High oil prices can help. Looking ahead, several powerful forces will tend to moderate the growth of demand in the future: the maturity of oil consumption in the industrialized countries, the continuous shift away from oil in sectors other than transportation, and the advent of new vehicles, especially hybrids, that consume less oil. Above all, pollution and environmental concerns will force governments to deal with the need to lower oil use, even if major international attempts to tackle the issue, such as the Kyoto Protocol, have so far failed to produce convincing results.
The Right Balance
However paradoxical it may seem, the only cure for today’s oil “crisis” is for prices to remain substantially higher than the pre-2000 average of $18-$20 a barrel for an extended period of time. Only high prices can turn around two decades of sluggish investment in exploration, production, and refining capacity. Only high prices can encourage the use of less energy-intensive vehicles, such as hybrids, and, however marginally, the development of alternative energy sources for transportation. Only high prices can reduce irresponsible consumption in many parts of the world and move governments to adopt the measures necessary to curb it.

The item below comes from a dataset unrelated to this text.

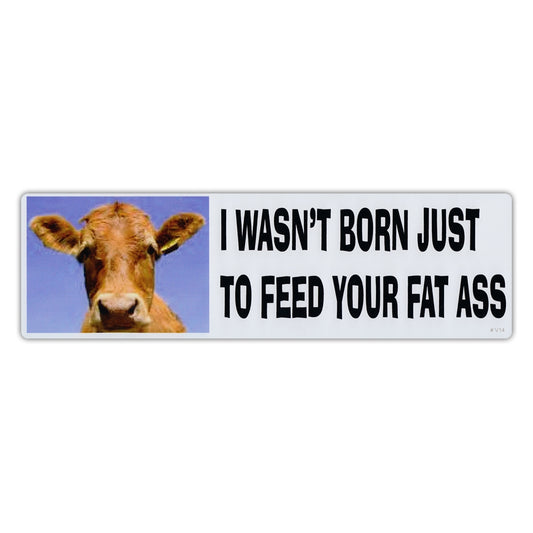 Sticker, Bumper Sticker, I Wasn't Born Just To Feed Your Fat Ass, 10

Despite current predictions that the upward shift in oil prices is permanent, however, there is no single market force that can maintain prices at any specified level. Political tensions, psychological factors, poor data, flawed analyses, erratic patterns of demand and production, and even freakish weather and other acts of God help determine the price of a barrel of crude at any given moment. The oil market involves too many actors with too many conflicting interests for prices ever to be shielded from fluctuation.

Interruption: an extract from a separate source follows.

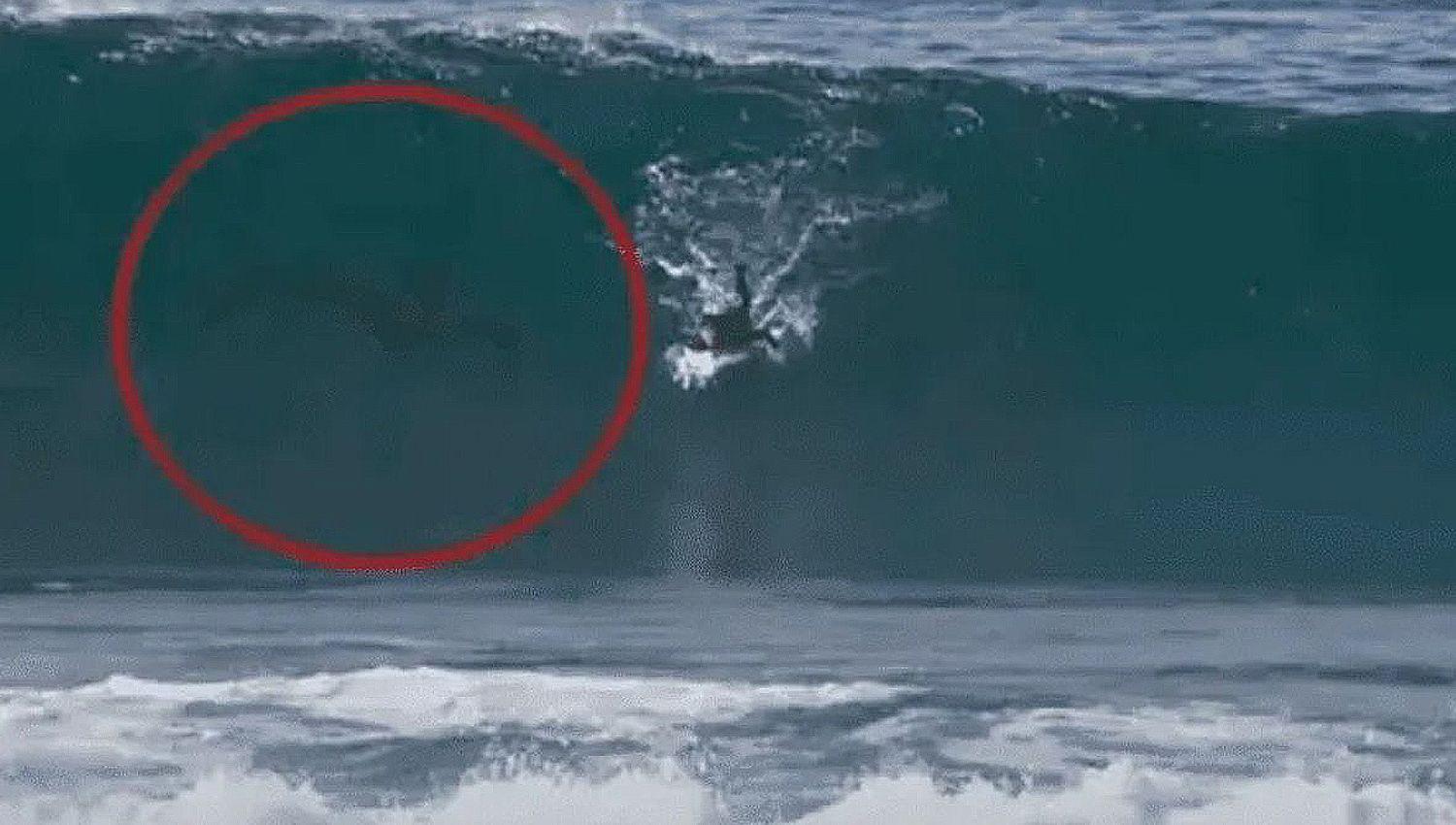 VIDEO  Una extrantildea criatura persiguioacute a un surfista en los Estados Unidos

According to standard economic theory, the world oil price should be set by the price of the most expensive, so-called marginal, barrel—that is, by the price of the last barrel needed to meet market demand. Today, the price of the marginal barrel would range between $30 and $32, which is the cost of extracting and marketing crude from the tar sands of Canada plus a profit margin for producers. (The cost of producing a barrel in the Persian Gulf is less than $4.) If the world oil price were to fall too far below the marginal-barrel level, producers would no longer have an incentive to make appropriate investments and there would once again be a risk of shortages in the short and middle term. But if the price were to shoot too high above that level for too long, demand would drop, creating a temporary oil glut that would stop the current wave of new investments. This would represent the worst-case scenario, because it would push the industry back to the risk-averse psychological mindset of the last 20 years.

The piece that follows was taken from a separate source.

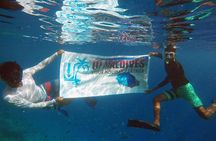 Guided Snorkeling Trip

The price of oil is unlikely to fall substantially in the short term and could even experience more spikes, especially if politically driven disruptions occur. But the longer the current wave of investments persists, the higher the probability that the price of crude will drop significantly down the road. In other words, nothing suggests that the first spike in the price of oil of the twenty-first century is an exception to the pattern of booms and busts that has characterized the oil market since its inception. One hopes that the magnitude of any price reversal will be small enough not to hamper the investment cycle currently under way or that such a reversal will come only after the bulk of new production and refining capacity is already in place. In dealing with oil, however, hopes often turn into wishful thinking.